The slave owner records could be a starting point when combined with other resources.
One of those resources might be a will.
“In the name of God, amen. . . I Peter Marsh of the County of Sussex being in a sick, weak and low condition … I give unto my said wife my nigro [sic] man called Toney … and also a horse called Slider.”
To his son, he gave “one Nigro woman called Dinnah and her child.”
To another son, he gave “one Nigro boy called Cesar and one horse … and one year of schooling.”
Marsh’s slaves were among his most valuable possessions, according to the accounting of his estate. Peter Marsh, who lived on a farm near what is now Rehoboth Beach, died in 1813. By the time his son, Peter, died in 1850, he had no remaining slaves.
The single largest slave-owner in Lewes-Rehoboth Hundred at the time of the assessment document was Sheppard P. Houston, who is buried at Lewes Presbyterian Church.
He owned four slaves and would have had more on the list save for a dramatic escape during a storm. Three of Houston’s slaves were joined by a slave who was owned by a Lewes blacksmith and rowed across Delaware Bay to reach New Jersey, which was not a slave state. An oyster boat captain then took them on to Philadelphia.
“With simple faith, they entered the skiff, two of them taking the oars, manfully to face uncertain dangers from the waves . . . at every new stage of danger they summoned courage by remembering that they were escaping for their lives,” according to William Still’s “The Underground Railroad.”
The men were William Thomas Cope, described as a “yellow” man, 24, John Boice Gray, 19, his brother, Henry Boice, and Isaac White, 22, who was escaping from the blacksmith.
Even though these slaves escaped, many stayed on until their freedom came in December 1865.
James Blackwell, with the Seaford Historical Society, said once slaved were freed, many likely went to go live with their relatives who were already free.

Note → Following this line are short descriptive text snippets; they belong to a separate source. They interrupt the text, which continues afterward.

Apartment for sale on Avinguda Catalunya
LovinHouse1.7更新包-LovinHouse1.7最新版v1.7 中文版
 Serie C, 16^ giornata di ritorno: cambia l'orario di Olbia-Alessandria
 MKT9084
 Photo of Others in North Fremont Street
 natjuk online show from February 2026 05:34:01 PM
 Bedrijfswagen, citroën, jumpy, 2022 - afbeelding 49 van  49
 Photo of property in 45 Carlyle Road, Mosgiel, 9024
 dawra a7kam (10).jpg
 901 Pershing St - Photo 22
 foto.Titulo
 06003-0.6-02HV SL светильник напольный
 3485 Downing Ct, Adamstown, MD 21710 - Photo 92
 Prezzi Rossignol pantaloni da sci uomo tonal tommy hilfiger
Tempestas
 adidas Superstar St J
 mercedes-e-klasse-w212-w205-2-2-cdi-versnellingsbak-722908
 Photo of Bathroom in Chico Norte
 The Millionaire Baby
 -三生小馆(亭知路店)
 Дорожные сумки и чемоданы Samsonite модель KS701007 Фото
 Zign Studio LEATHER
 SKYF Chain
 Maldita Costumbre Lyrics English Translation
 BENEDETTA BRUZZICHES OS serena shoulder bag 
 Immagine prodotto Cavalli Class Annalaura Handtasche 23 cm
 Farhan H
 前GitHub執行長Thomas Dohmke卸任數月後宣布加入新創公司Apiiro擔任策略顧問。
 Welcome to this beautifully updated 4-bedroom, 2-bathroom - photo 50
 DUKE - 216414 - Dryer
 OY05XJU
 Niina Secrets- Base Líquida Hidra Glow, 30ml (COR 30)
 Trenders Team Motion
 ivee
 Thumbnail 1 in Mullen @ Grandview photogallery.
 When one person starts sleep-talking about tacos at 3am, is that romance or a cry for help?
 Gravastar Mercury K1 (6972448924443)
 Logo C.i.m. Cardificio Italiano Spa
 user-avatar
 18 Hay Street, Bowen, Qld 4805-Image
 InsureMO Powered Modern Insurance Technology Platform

Petition records from Delaware show several requests to state lawmakers to limit the movement of free blacks and mulattos. They came from organizations in northern Delaware seeking abolition of slavery to requests from property owners in both Kent and Sussex County.
Smyrna residents filed one such petition in 1845: “Sixty-three residents of Smyrna represent that they ‘have for long time been under serious annoyance from frequent large and noisey [sic] assemblages of Negroes & others in the Streets of the said town and by evil and dangerous practices of Boys and others in firing guns crackers Squibbs & the throwing of fire Balls about the streets especially about Holliday times.’ They therefore pray that a law be passed to prevent in future the evils they now complain of.”
Between 1860 and 1865, the numbers of slaves in Delaware dropped, mostly, Blackwell said, because of the strong influence of the Methodist Church and the Quakers.
But once freedom came, change was slow, especially when it came to education of black Delawareans in Kent and Sussex counties.
Black Delawareans joined together at a convention at Whatcoat Methodist Church in Dover on June 9, 1873 to discussion educational freedom and the abolishment of the whipping post.
Foreman, the UD professor, is part of an initiative to digitize the records of the colored conventions that were held across the nation. The records of the Whatcoat assembly are already digitized.
You see that blacks are organizing and are pushing for education, better protection of the community and issues of temperance, she said.